Carmelo’s not a winner, they say.

Well, sure.  He’s not a winner.  If you discount all the winning he did, that is. But let’s not do that. To fairly evaluate Carmelo’s legacy, let’s start by acknowledging the winning wins that Carmelo won.  He burst onto the national scene as a freshman phenom, bringing a Hall of Fame coach his only national championship in one year at Syracuse. So, if Carmelo’s “not a winner,” then he’s not a winner who just happened to win a national championship in one year playing college hoops.

Perhaps it was a coincidence. Plus, it was only one year.

Looking beyond that one year, we see that Carmelo is also USA Basketball’s first four-time men’s Olympian, the first four-time men’s medalist and the first men’s player to win – yes, WIN – three Olympic gold medals.  Carmelo didn’t do all of that winning while riding coattails.  In the U.S. Olympic men’s career record book, he ranks first in points (336), field goals made (113), field goals attempted (262), rebounds (125), 3-point field goals attempted (139), free throws made (53) and free throws attempted (71); and second in 3-point field goals made (57). [Don’t take my word for it, the details are here.]

I wish I was as bad at winning basketball games as Carmelo is.

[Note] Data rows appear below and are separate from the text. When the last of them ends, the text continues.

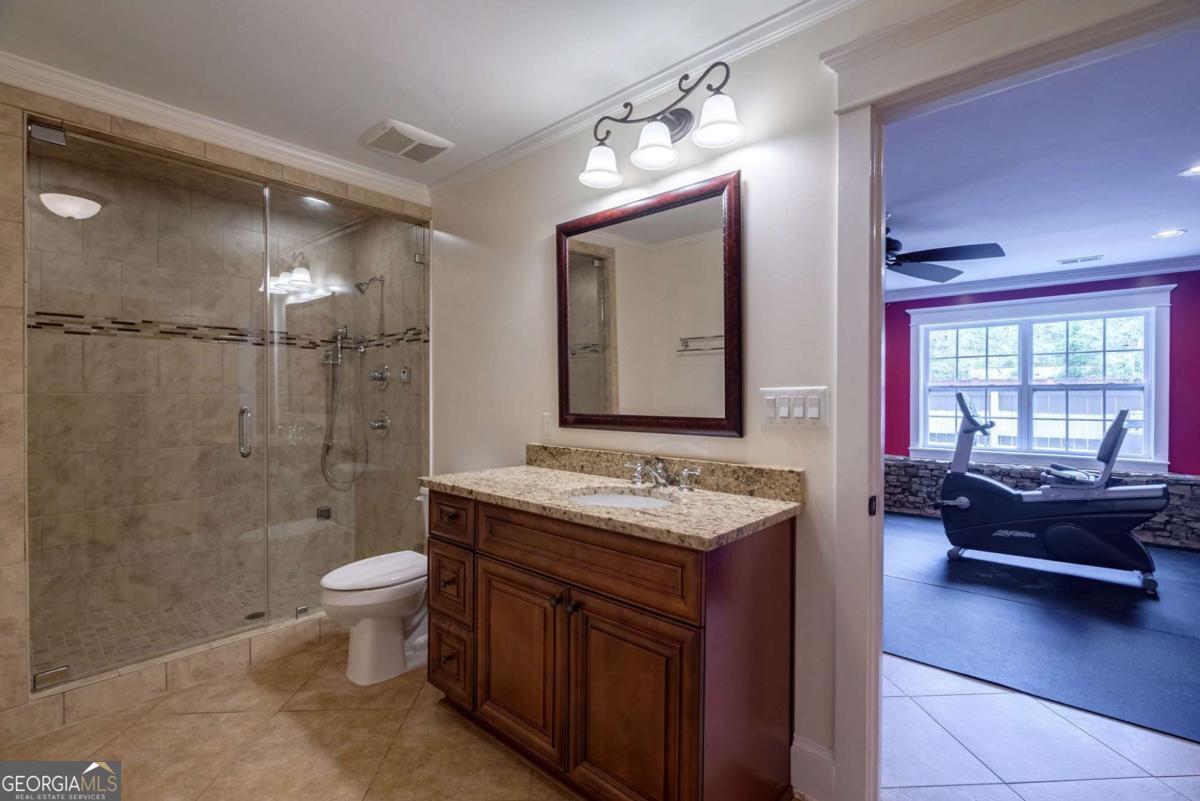224 Fortson Drive Athens GA 30606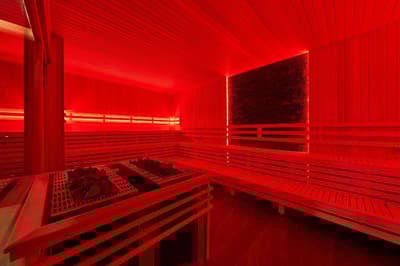 Ibis Styles Nowy Targ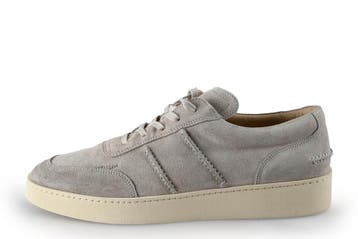 Greve Sneakers in maat 42 Grijs, Overige kleuren, Verzenden, Greve, Sneakers of Gympen
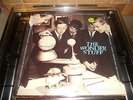 THE WONDER STUFF - CONSTRUCTION FOR THE MODERN IDIOT         Vinyl LP    (1993)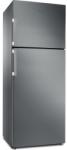 Whirlpool WT70I 831 X Frigider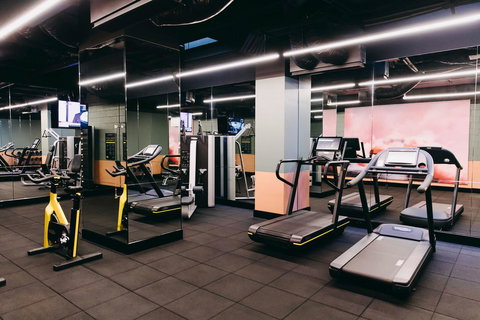 QT Perth - Surfers Paradise Gold Coast 6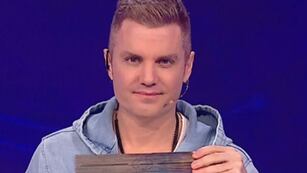 Quiénes son los ex participantes de Gran Hermano que participan por el Golden Ticket y cómo votar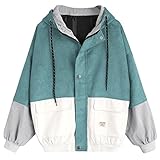 hoodie herren zip sleeveless 3d schwarz gym fox dc 2pac mma usa full navy weed yale half 5xl rap 6xl punk rot weiß jacke dope oversize 4xl ink zipup fils zip herren hoodie huf fun zipped rot ski disstressed mint boy 3xl tall gab ärmelloser hoody schwarz grau weiß full hoodies jacke anime motorrad ärmellos long gelber biker sport schwarzer hoodie herren ärmellos zip hoody oversized grau kurzarm bench top blau camouflage shirt coole hoodies black
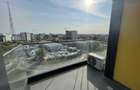 2 Camere parcare extra Lake House Metrou Petrache Poenaru Grozavesti - 21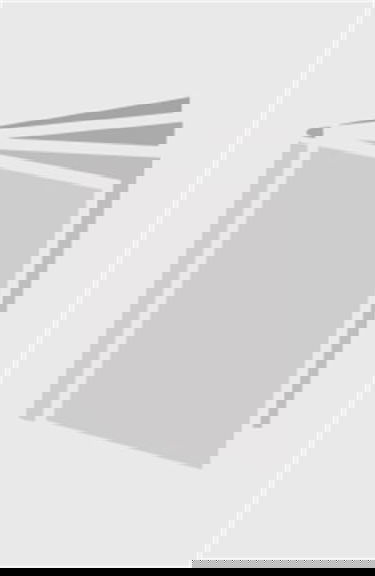 D.W.'s Guide to Preschool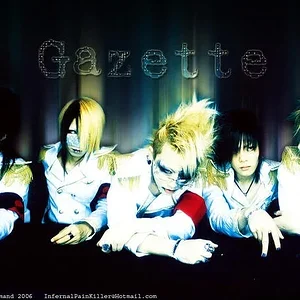 gazette1zu8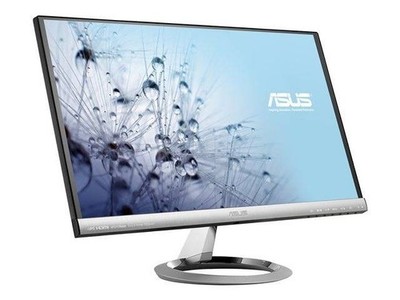 ASUS Designo MX239 23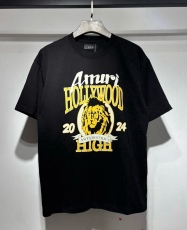 A*MIRI Top Quality Clothes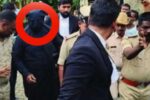 ಧರ್ಮಸ್ಥಳದಲ್ಲಿ ಶವ ಹೂತಿಟ್ಟ ಕೇಸ್ ತನಿಖೆ ಚುರುಕು : SIT ಎದುರು ವಿಚಾರಣೆಗೆ ಹಾಜರಾದ ದೂರುದಾರ.!
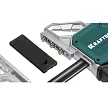 Струбцина Kraftool Extrem 900/95 мм пистолетная – фото №4 Струбцина Kraftool Extrem 900/95 мм пистолетная – №4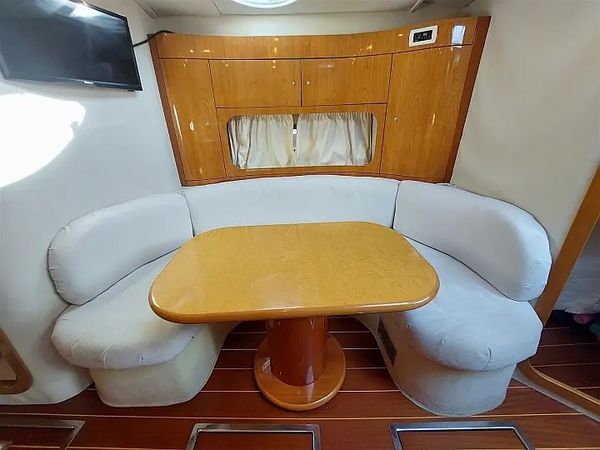 Innovazione e Progetti Mira 40 | Notorius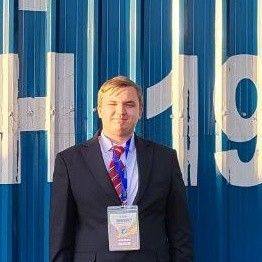 Mikael Rantala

But what about the NBA? If you believe that NBA winning is the only kind of winning that’s really winning, then neither his NCAA nor his Olympic winnings will mean anything to you.  So, let’s ask… did Carmelo do any winning in the NBA worth mentioning? Nah, except for all the winning he did in Denver during his 7+ years there.  In the season before landing Carmelo, the Nuggets were a pathetic 17-65.  Then he arrived, and in his first season they went 43-39.  For each of his 7 full seasons there, they were in the playoffs. In other words, they WON enough games to make the playoffs. Aka #winning. And, in 08-09, they WON a few series in the playoffs.  Maybe it’s a coincidence.  Or maybe Dahntay Jones and JR Smith were a lot better than people give them credit for.

Perhaps, but I’m not convinced. (No offense to Dahntay Jones.)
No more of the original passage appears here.